Dataflow and Dataset Best Practices

don_diaz · November 1, 2022, 9:24pm

Hi everyone,

I’m seeking best practices regarding dataset and dataflow maintenance in power BI. I’m a finance user acting as BI architect.

Currently I have a data staging workspace where I first stage any data for import to power bi, then break it out into fact and dimension flows. the number of flows is getting large, is there a better way or is this ok?

I have a single large dataset in another workspace with all the fact tables. Reports are built off this dataset. This dataset is becoming a pain to maintain, so I’m looking for a better way.

I could build each report’s dataset with only the flows it needs, but that would duplicate DAX calculated columns I need for analysis.
Another option is to make one dataset per fact table and build reports off these. additional datasets would be needed for multiple fact table analysis (Sales vs budget, Revenue estimate, Revenue + Open Orders + Forecasted Orders, inventory projection)
How does a BI team manage all of this?

dataflows below:

ysherriff · November 2, 2022, 2:39pm

Hi Don,

I have a similar question. When setting up dataflow staging, do you need premium capacity or can you do it in pro license?

Thanks

don_diaz · November 2, 2022, 3:16pm

You can set up basic flows in pro. certain features, like DirectQuery to a dataflow, computed entities, linked entities (referencing a flow from within another flow), are features of premium per user or premium capacity.

I have premium per user.

ysherriff · November 2, 2022, 4:46pm

So if my company doesn’t want to get premium capacity for some reason, I am checking into it now, how can I mirror linked dataflows.

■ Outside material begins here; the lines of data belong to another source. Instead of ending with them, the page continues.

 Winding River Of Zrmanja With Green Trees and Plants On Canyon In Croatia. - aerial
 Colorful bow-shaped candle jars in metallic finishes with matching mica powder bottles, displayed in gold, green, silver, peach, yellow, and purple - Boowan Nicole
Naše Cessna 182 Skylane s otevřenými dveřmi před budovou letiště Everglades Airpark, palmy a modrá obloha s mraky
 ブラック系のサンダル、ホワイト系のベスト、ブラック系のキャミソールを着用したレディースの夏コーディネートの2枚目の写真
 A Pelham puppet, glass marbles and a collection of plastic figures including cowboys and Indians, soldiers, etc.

I am trying to create staging and transformation dataflows. Can the below solution work from RADACAD?

Thanks Carlos.

Reference from Another Query in Dataflow - No Premium Needed - Power Platform Dataflows - RADACAD

EnterpriseDNA · January 20, 2023, 12:58pm

Hello @don_diaz ,

Did the response above help solve your query?

If not, can you let us know where you’re stuck and what additional assistance you need? If it did, please mark the solution that helped you.

Thank you

don_diaz · January 20, 2023, 3:37pm

Update to this thread:
My practice for dataflows is good.
Having a single golden dataset with all fact tables is bad practice and was the cause of the pain points mentioned in the op.

Background:

I decided to keep dataflows as they are and be more liberal with report creation. Every report is a new pbix. I’ve moved away from thin reports for the time being.
I use power automate to refresh each dataset. The trigger is the upstream dataflow refresh. Only one automation is needed, the primary fact table in the report, but more than one automation is possible.

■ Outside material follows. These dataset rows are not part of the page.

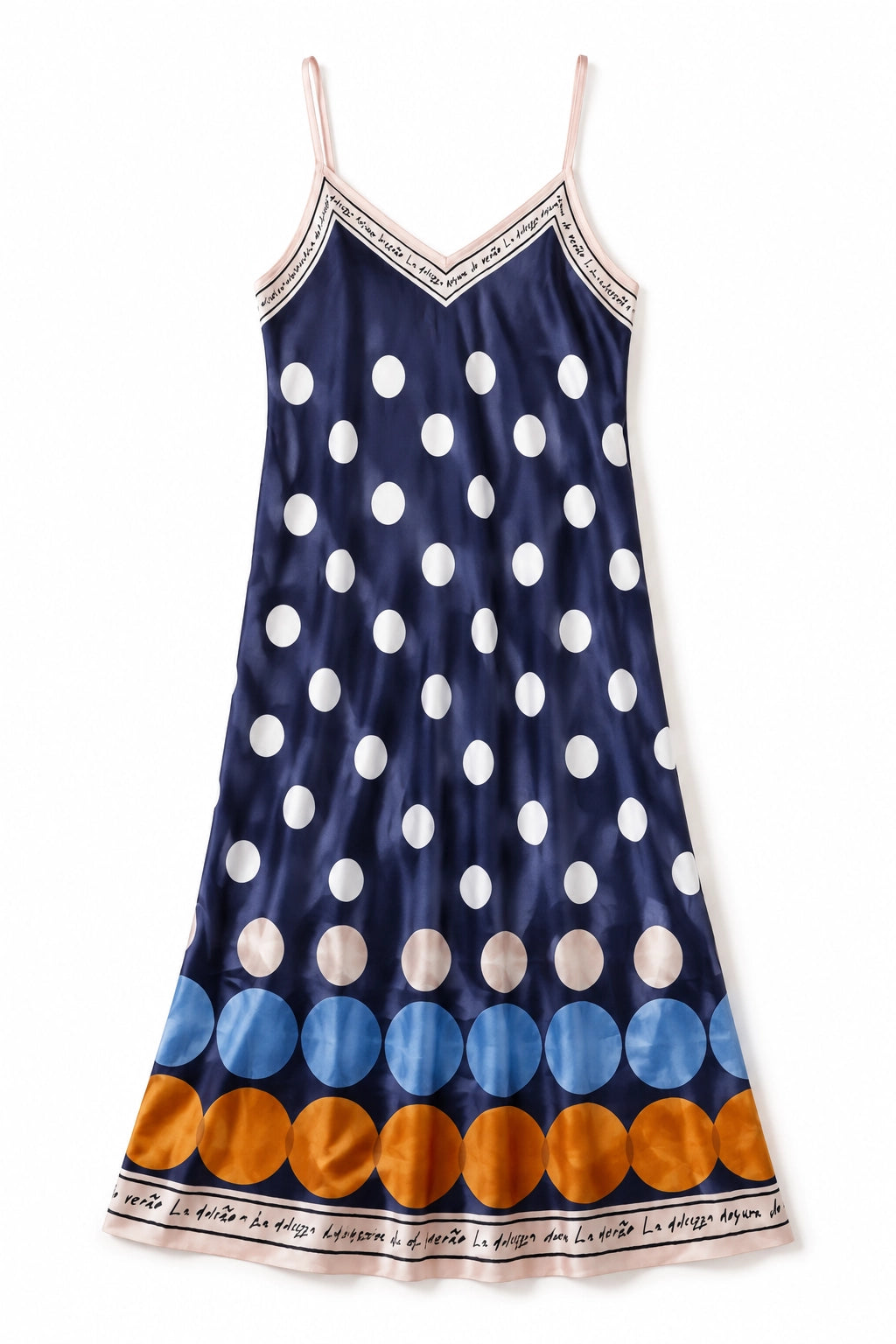 A navy blue satin slip dress with large white polka dots, a band of blue and orange polka dots near the hem, and a patterned border trim.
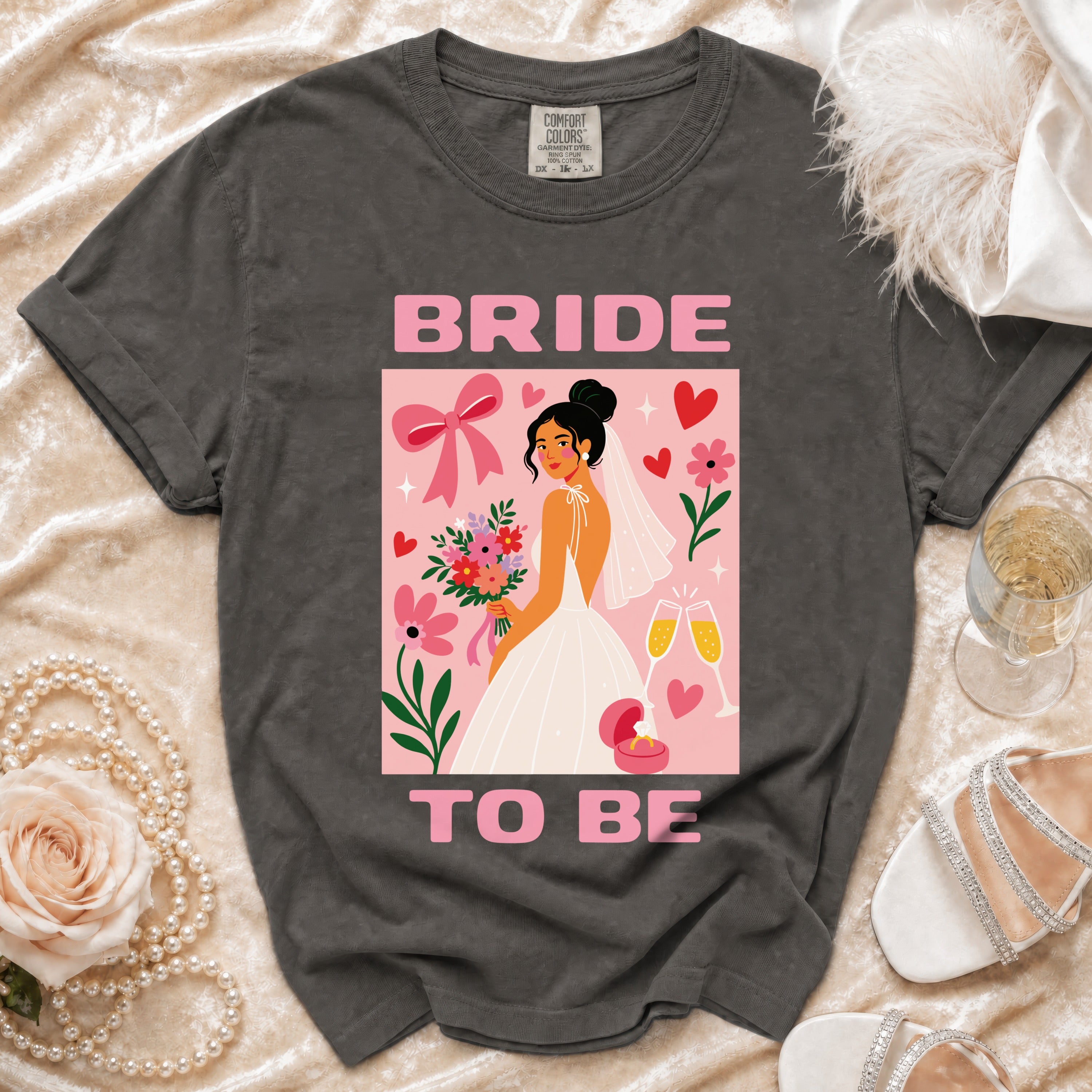 Dark grey t-shirt with a pink graphic of a bride and "BRIDE TO BE" text.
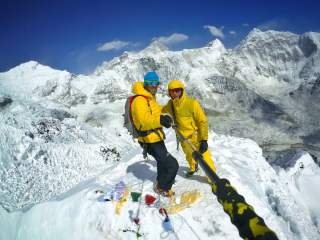 Zwei Männer stehen auf schneebedecktem Gipfel und machen ein Selfie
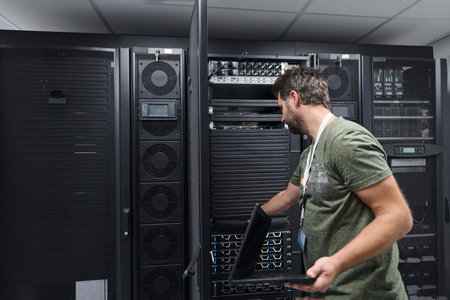 IT technician working on servers in a data center with laptop performing maintenance and monitoring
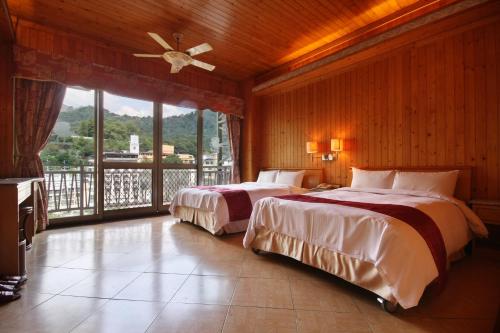 2 camas en un dormitorio con balcón en Ku Kuan Resort Hotel en Heping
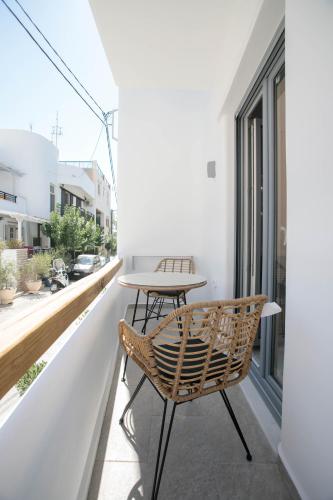 a patio with a table and chairs on a balcony at Majestique of Naxos luxury suites in Naxos Chora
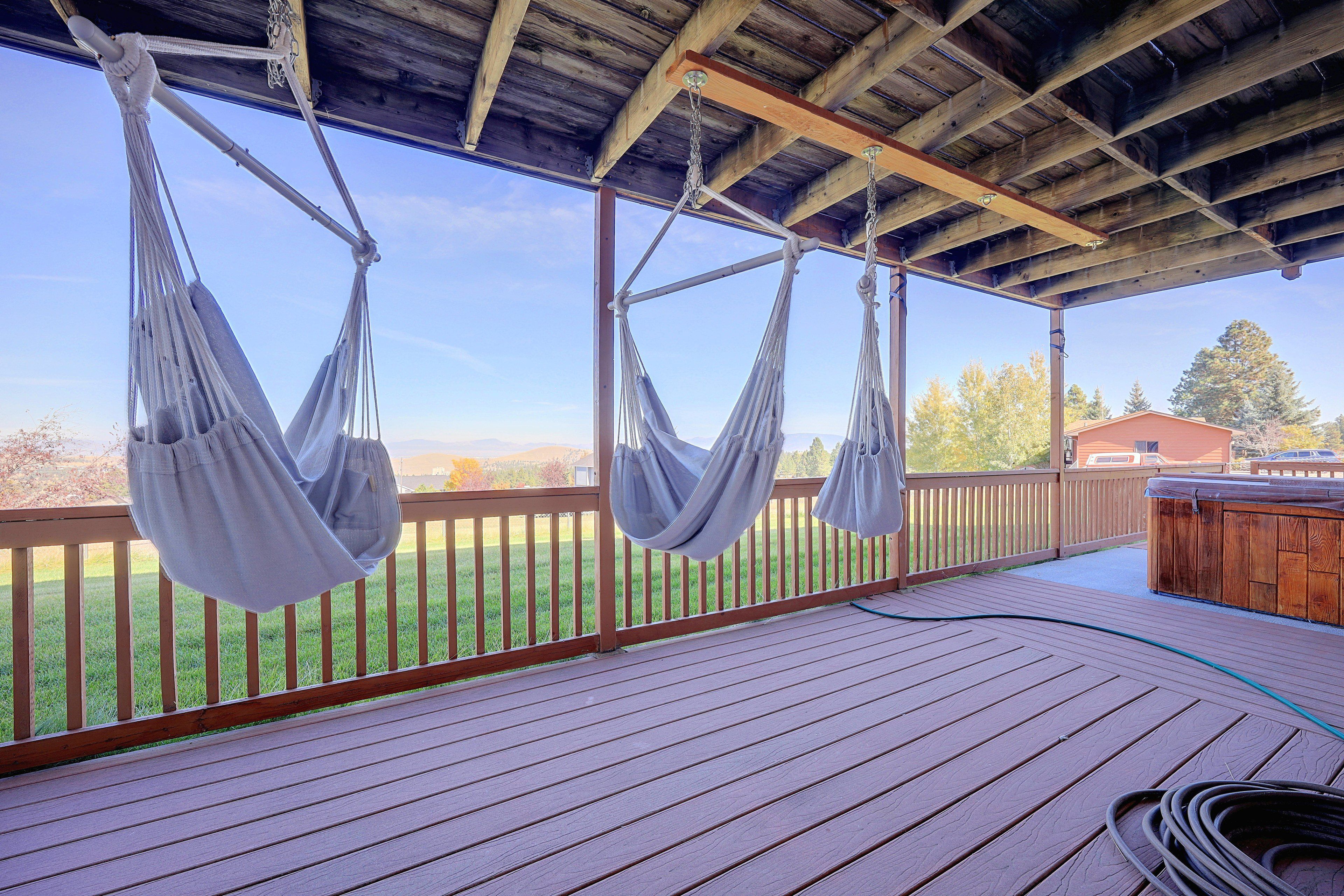 A wooden deck with two hammocks suspended from the ceiling, a wooden fence, and a view of a green landscape.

I created a golden dataset for each of the fact tables. The option is there if I want to make a quick ad-hoc thin report. But my main use case for the golden datasets is Analyze in excel.

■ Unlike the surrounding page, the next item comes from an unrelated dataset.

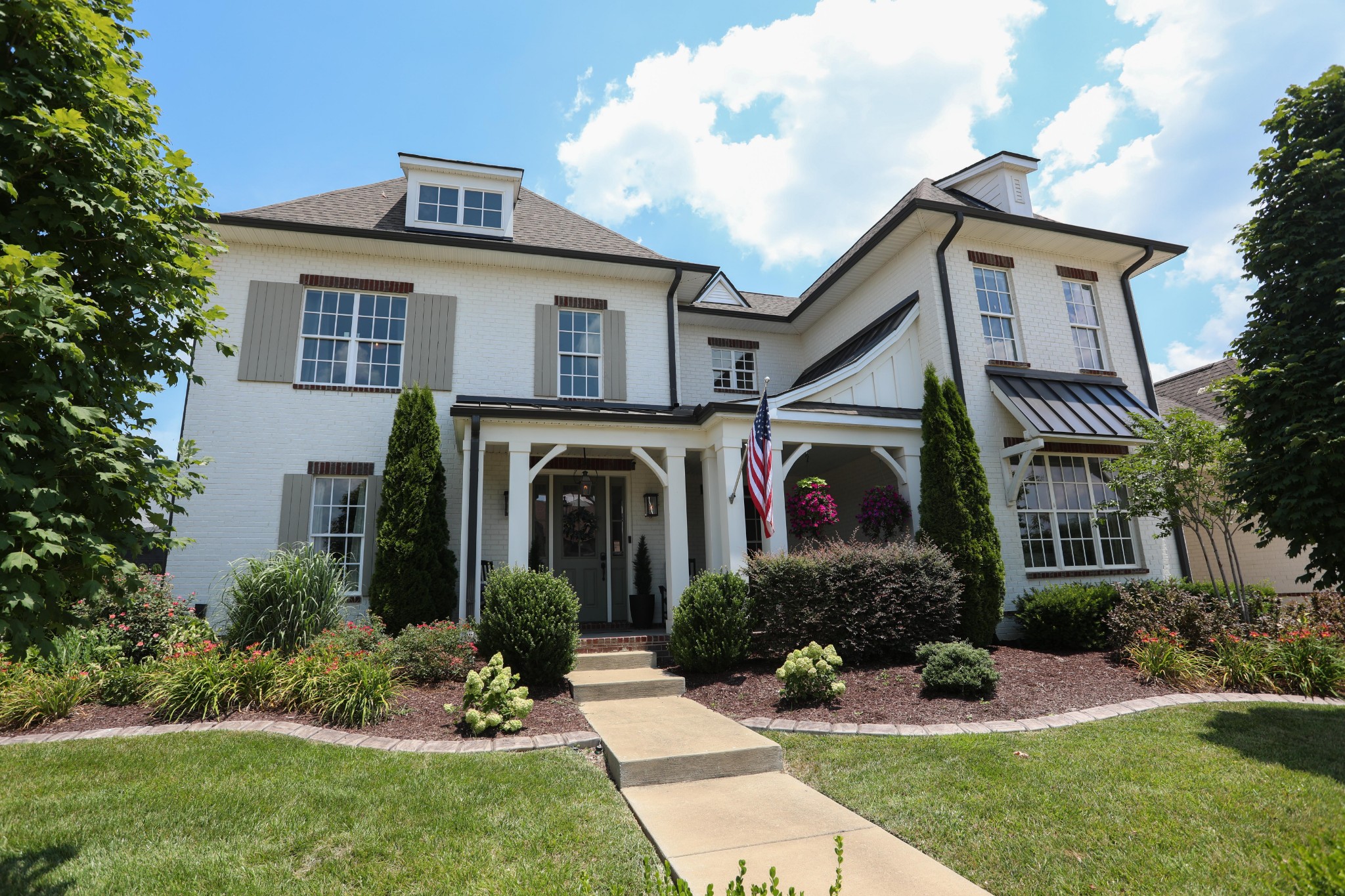119 Vanner Road Mount Juliet, TN 37122 - Photo 2 of 44 a front view of a house with a garden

My old golden dataset had grown to contain over 100 measures and 6 or 7 fact tables, with additional tables needed for the odd special-case visual.
Navigating these fields and measures was cumbersome in excel pivot table.
In thin reports based off this dataset, I lost track of which measures were from the golden dataset and which were local to the thin report.

EnterpriseDNA · January 24, 2023, 10:17am

Hi @don_diaz ,

Given the current status of this inquiry, can we close this thread?

If yes, please mark your response above as the Solution.
If you have any concern related to this topic, you can create a new thread.